The premiere began the story of season six. Benioff and
Weiss never pretended to tell self-contained stories within an overarching
narrative. Their commitment to telling a story over ten episodes transformed
the show into a collection of moments that pop culture sites use as clickbait,
e.g. “How about THAT moment in last night’s Game of Thrones?” “The showrunners
spill all about THOSE deaths!” Individual episodes serve as a jumping off point
for critics, bloggers, and folks on the message boards to write anything they
want, such as the disintegrating male ego or sexual politics, because serious highbrow
storytelling needs serious highbrow ideas, as a way to hide the blush of
enjoying a series with Ice Zombies in it.

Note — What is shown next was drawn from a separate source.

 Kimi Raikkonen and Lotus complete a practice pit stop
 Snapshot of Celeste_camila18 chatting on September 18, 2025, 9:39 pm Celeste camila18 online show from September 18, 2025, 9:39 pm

The show has become everyone’s show,
which isn’t new--one’s sense of ownership of a show has been widespread for a
long time. The Internet gave a platform to everyone, though. Recap shows and
podcasts and articles promise to ‘break down’ the episode but offer little to
its audience beyond summaries, conjecture, and theories, which all can be fun
to engage with, but very little of the overwhelming amount of post-GoT content
elucidates the deeper textures of the show. The weekly review culture created a
reactionary rat race. Critics dash off a 900-1200 word piece in 90 or 120
minutes, with a bit of the latest sociopolitical issues of contemporary life
thrown in mixed with shallow surface-level observations about general themes
and general ideas.
Coverage of the show will continue even if this season continues
the show’s removal of its own red jewel necklace, because, like the verbose
novels of the 19th century and networks holding onto shows for as
long as the show makes them comfortably wealthy, Game of Thrones is where the
clicks and money is. The people can’t get enough it.